Kireç Sanayiciler Derneğinin kuruluş döneminde bulundunuz, kuruluş amacını, aşamalarını anlatır mısınız? Önünüze çıkan engeller var mıydı? Kurulduktan sonra amacınıza ulaştınız mı? Size derneğin faydaları neler oldu?
O dönemde, bu işin öncülüğünü Baksan Kireç’in sahibi Rıza Işık Bey yaptı. Rıza Bey; “Dernek kurarsak, sesimizi daha iyi duyururuz, devletle olan ilişkimizde de daha fazla itibar görürüz” dedi. Dernek kurulduktan sonra bu iş, daha ciddi ele alınmış oldu, bir boyuta kavuştu. Dernek sayesinde kireç sektörü, Türkiye’de bir kimlik kazandı. Samsun’da benim büromda, Amasya’da, İstanbul’da, Ankara’da çok sayıda toplantılar yapıldı. Toplantılarda; sektörün yaşadığı sıkıntılardan, haksız rekabete, kayıt dışı satışlardan, torbaya giren kireçlerin kalitesine kadar çok geniş konular konuşuluyordu. Bu sorunların giderilmesine yönelik fikirlerimizi ortaya koyuyorduk. Fakat ben, o zaman yaşanılan sıkıntıların hala devam ettiğini düşünüyorum. Hala haksız rekabet, kayıt dışı satışlar devam ediyor. Bu sıkıntılar her sektörde var.
Günümüz kireç üreticilerine neler tavsiye edersiniz?

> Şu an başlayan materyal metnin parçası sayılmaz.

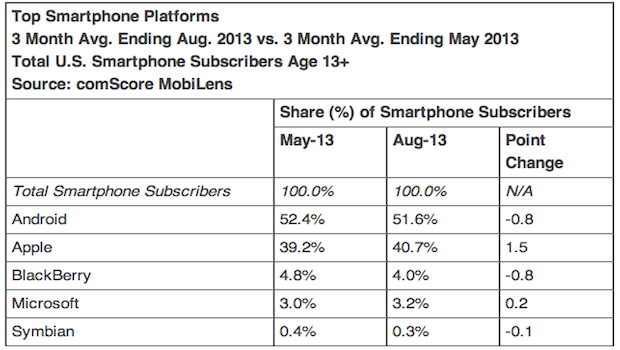 iOS guadagna terreno su Android, anche senza iPhone 5s e 5c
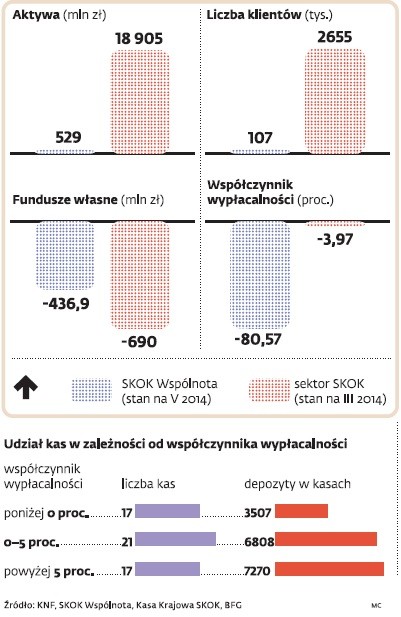 Udział kas w zależności od współczynnika opłacalności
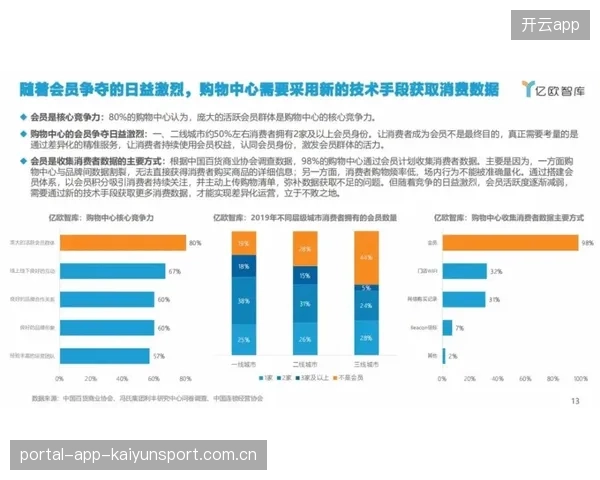 球队社群运营创新票房与人气双升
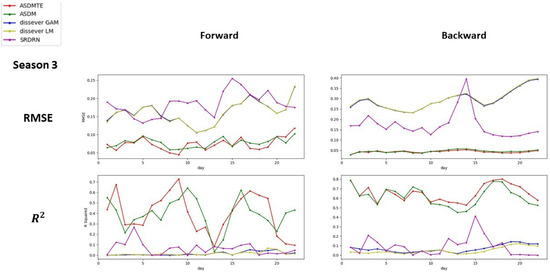 Atmosphere 13 00255 g0a3 550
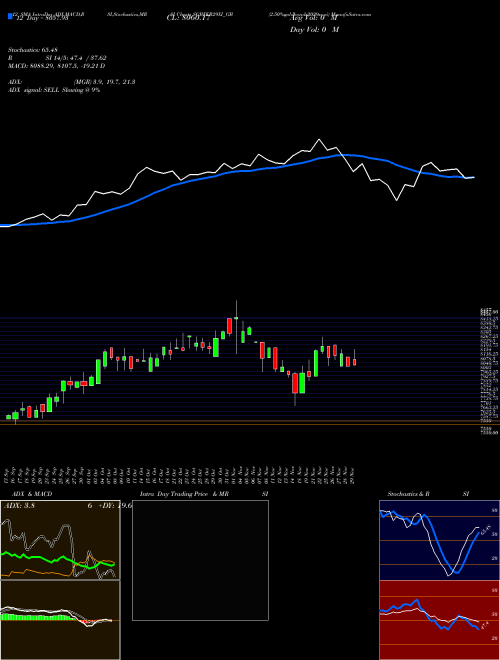 Chart 2 50 (SGBFEB29XI_GB)  Technical (Analysis) Reports 2 50 [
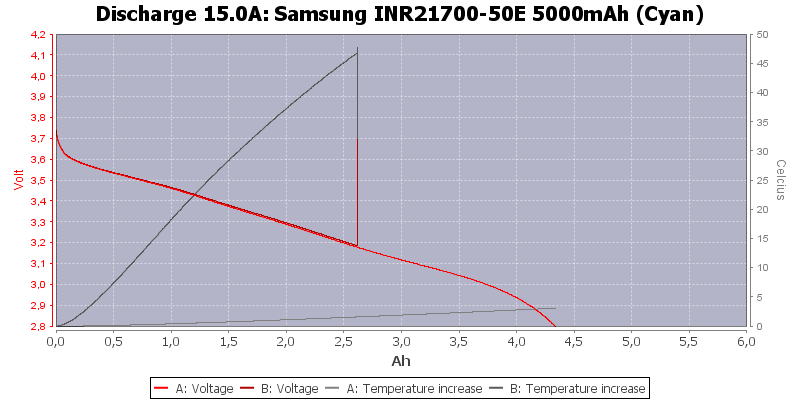 Samsung%20INR21700-50E%205000mAh%20(Cyan)-Temp-15.0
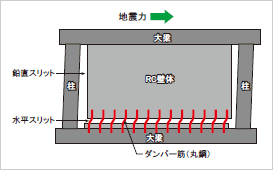 ウォールダンパー　「ＳＷＡ (Sliding Wall Absorber)」：解説図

Kireç satıcıları, torbaya koydukları kirecin hakiki kireç olduğunu müşterilerine inandırsınlar. Burada da kaliteli ve kalitesiz mal var. Hem kötü mal satıp hem de değerinden fazla para alamazsın. Her şeyde olduğu gibi bu işin de bir ahlakı olmalı.
Derneğin denetim mekanizmasının olması hususunda ne düşüyorsunuz?
Bu işin denetimi olmaz. Dernek bu konuda elinden geleni yapar ama yeterli olacağını sanmıyorum.
Günümüzde kirecin ARGE durumunu, kanun koyucuların kireç konusunda alacağı kararları özellikle kara yolu stabilizasyonu için kullanımı konusunda ne düşünüyorsunuz?
Bunu destekliyorum, Yurt dışından sonra ülkemizde de kirecin kullanılmasını hem kireç sektörü için hem de yapılan karayolunun kalitesi bakımından oldukça önemli buluyorum.
Kireç Sanayicileri Derneği’nin sektöre katkısı ile ilgili bir değerlendirme yapabilir misiniz?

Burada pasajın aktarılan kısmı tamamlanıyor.